NABIRE, TOMEI.ID | Elimelek Edowai, secara resmi dilantik sebagai Sekretaris Majelis Rakyat Papua (MRP) Provinsi Papua Tengah dalam sebuah prosesi khidmat yang berlangsung di Kantor Sekretariat MRP Papua Tengah, Nabire, pada Rabu (16/7/2025).

Penetapan Elimelek sebagai Sekretaris MRP Papua Tengah dilakukan sesuai mekanisme kelembagaan yang berlaku dan telah melalui berbagai proses pertimbangan oleh pimpinan MRP bersama elemen adat dan tokoh masyarakat Papua Tengah.

Kehadiran Elimelek di posisi strategis ini dinilai sangat relevan dengan kebutuhan institusi kultural yang semakin dituntut untuk adaptif terhadap tantangan zaman, sekaligus tetap teguh menjaga nilai-nilai adat dan jati diri OAP.

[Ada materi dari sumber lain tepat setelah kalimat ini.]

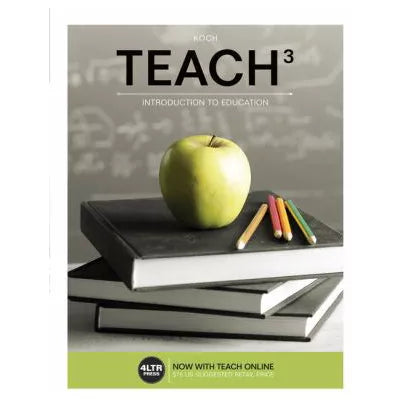 Teach 3 (w/Online, 1t 6m Access Card)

Elimelek Edowai dikenal luas di kalangan masyarakat adat sebagai pribadi bersahaja, pekerja keras, dan memiliki integritas tinggi. Lulusan Sarjana Sosial ini telah lama berkecimpung dalam kegiatan pelayanan publik, organisasi adat, serta berbagai forum musyawarah masyarakat Papua.

Pengalaman panjang tersebut membuatnya tidak hanya paham terhadap mekanisme birokrasi, tetapi juga memahami denyut nadi rakyat kecil, terutama masyarakat adat di kampung-kampung yang selama ini menjadi penjaga nilai-nilai leluhur.

Dalam sambutannya usai dilantik, Elimelek menyatakan bahwa jabatan ini bukanlah sekadar tanggung jawab administratif atau simbolik, melainkan amanah moral yang besar untuk menjaga roh kultural masyarakat Papua di tengah derasnya arus modernisasi dan industrialisasi pembangunan.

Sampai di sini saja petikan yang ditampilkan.